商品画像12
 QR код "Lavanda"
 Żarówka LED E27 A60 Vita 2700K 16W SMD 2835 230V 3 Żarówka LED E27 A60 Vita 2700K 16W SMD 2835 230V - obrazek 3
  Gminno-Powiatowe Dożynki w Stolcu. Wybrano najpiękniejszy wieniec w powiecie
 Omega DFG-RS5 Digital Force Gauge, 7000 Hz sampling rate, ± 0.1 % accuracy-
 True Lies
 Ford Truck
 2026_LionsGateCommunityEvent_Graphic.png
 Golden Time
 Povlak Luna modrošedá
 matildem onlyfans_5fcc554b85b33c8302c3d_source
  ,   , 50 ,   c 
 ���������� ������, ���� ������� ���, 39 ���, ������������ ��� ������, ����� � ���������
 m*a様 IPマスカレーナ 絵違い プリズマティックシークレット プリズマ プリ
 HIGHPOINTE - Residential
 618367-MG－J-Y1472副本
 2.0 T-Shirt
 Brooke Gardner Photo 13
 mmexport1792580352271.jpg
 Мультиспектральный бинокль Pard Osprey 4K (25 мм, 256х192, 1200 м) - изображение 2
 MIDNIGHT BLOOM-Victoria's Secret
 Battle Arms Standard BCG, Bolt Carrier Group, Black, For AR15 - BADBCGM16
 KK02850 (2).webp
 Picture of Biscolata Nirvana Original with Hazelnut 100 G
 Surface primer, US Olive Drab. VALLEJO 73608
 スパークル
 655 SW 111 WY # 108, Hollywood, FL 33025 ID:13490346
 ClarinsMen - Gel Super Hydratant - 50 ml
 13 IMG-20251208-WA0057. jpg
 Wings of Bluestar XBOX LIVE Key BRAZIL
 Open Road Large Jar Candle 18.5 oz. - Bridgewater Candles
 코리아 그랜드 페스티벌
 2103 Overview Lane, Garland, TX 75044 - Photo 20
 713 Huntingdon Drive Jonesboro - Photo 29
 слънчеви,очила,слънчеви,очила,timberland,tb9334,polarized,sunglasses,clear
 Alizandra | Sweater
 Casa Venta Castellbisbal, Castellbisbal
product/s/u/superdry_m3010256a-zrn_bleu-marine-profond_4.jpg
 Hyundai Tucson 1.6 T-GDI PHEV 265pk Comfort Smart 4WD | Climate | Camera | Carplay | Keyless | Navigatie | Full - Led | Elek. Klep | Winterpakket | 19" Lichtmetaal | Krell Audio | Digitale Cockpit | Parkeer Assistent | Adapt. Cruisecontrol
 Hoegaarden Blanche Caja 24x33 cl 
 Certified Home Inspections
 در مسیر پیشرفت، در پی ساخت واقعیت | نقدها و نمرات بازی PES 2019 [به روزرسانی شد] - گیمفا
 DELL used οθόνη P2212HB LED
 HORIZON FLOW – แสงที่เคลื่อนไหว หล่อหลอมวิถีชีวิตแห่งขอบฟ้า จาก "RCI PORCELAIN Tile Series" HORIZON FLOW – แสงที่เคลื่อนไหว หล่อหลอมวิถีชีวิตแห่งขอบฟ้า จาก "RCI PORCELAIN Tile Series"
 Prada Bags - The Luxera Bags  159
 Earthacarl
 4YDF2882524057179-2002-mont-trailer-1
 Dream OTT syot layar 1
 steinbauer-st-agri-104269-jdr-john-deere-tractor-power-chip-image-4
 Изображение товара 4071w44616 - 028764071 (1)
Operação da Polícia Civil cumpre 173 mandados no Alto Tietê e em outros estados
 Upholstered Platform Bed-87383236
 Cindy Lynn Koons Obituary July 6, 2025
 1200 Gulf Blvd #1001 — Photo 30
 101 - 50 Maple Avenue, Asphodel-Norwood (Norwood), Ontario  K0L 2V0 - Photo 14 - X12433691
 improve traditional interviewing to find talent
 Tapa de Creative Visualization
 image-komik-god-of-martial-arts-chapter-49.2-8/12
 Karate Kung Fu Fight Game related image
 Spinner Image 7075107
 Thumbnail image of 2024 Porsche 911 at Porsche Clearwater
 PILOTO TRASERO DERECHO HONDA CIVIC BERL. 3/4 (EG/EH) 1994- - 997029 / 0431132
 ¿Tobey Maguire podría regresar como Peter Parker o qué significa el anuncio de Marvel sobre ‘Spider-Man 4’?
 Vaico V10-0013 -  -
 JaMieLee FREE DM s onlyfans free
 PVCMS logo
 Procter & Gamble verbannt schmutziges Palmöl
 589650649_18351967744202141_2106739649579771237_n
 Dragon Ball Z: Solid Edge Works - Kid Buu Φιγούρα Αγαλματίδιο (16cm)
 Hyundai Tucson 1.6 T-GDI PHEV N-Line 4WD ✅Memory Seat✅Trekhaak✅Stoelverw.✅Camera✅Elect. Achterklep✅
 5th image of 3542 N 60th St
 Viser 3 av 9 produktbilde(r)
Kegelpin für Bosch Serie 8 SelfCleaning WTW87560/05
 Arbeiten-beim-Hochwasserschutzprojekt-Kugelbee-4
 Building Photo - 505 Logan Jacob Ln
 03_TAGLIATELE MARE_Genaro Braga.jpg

■ **WORK ORDER**: Of all the entries above, retype exactly the lines from the line with "2103 Overview Lane, Garland, TX" to the line with "Building Photo - 505 Logan Jacob Ln", both included, and no others.

■ **WRITTEN SOLUTION**:
 2103 Overview Lane, Garland, TX 75044 - Photo 20
 713 Huntingdon Drive Jonesboro - Photo 29
 слънчеви,очила,слънчеви,очила,timberland,tb9334,polarized,sunglasses,clear
 Alizandra | Sweater
 Casa Venta Castellbisbal, Castellbisbal
product/s/u/superdry_m3010256a-zrn_bleu-marine-profond_4.jpg
 Hyundai Tucson 1.6 T-GDI PHEV 265pk Comfort Smart 4WD | Climate | Camera | Carplay | Keyless | Navigatie | Full - Led | Elek. Klep | Winterpakket | 19" Lichtmetaal | Krell Audio | Digitale Cockpit | Parkeer Assistent | Adapt. Cruisecontrol
 Hoegaarden Blanche Caja 24x33 cl 
 Certified Home Inspections
 در مسیر پیشرفت، در پی ساخت واقعیت | نقدها و نمرات بازی PES 2019 [به روزرسانی شد] - گیمفا
 DELL used οθόνη P2212HB LED
 HORIZON FLOW – แสงที่เคลื่อนไหว หล่อหลอมวิถีชีวิตแห่งขอบฟ้า จาก "RCI PORCELAIN Tile Series" HORIZON FLOW – แสงที่เคลื่อนไหว หล่อหลอมวิถีชีวิตแห่งขอบฟ้า จาก "RCI PORCELAIN Tile Series"
 Prada Bags - The Luxera Bags  159
 Earthacarl
 4YDF2882524057179-2002-mont-trailer-1
 Dream OTT syot layar 1
 steinbauer-st-agri-104269-jdr-john-deere-tractor-power-chip-image-4
 Изображение товара 4071w44616 - 028764071 (1)
Operação da Polícia Civil cumpre 173 mandados no Alto Tietê e em outros estados
 Upholstered Platform Bed-87383236
 Cindy Lynn Koons Obituary July 6, 2025
 1200 Gulf Blvd #1001 — Photo 30
 101 - 50 Maple Avenue, Asphodel-Norwood (Norwood), Ontario  K0L 2V0 - Photo 14 - X12433691
 improve traditional interviewing to find talent
 Tapa de Creative Visualization
 image-komik-god-of-martial-arts-chapter-49.2-8/12
 Karate Kung Fu Fight Game related image
 Spinner Image 7075107
 Thumbnail image of 2024 Porsche 911 at Porsche Clearwater
 PILOTO TRASERO DERECHO HONDA CIVIC BERL. 3/4 (EG/EH) 1994- - 997029 / 0431132
 ¿Tobey Maguire podría regresar como Peter Parker o qué significa el anuncio de Marvel sobre ‘Spider-Man 4’?
 Vaico V10-0013 -  -
 JaMieLee FREE DM s onlyfans free
 PVCMS logo
 Procter & Gamble verbannt schmutziges Palmöl
 589650649_18351967744202141_2106739649579771237_n
 Dragon Ball Z: Solid Edge Works - Kid Buu Φιγούρα Αγαλματίδιο (16cm)
 Hyundai Tucson 1.6 T-GDI PHEV N-Line 4WD ✅Memory Seat✅Trekhaak✅Stoelverw.✅Camera✅Elect. Achterklep✅
 5th image of 3542 N 60th St
 Viser 3 av 9 produktbilde(r)
Kegelpin für Bosch Serie 8 SelfCleaning WTW87560/05
 Arbeiten-beim-Hochwasserschutzprojekt-Kugelbee-4
 Building Photo - 505 Logan Jacob Ln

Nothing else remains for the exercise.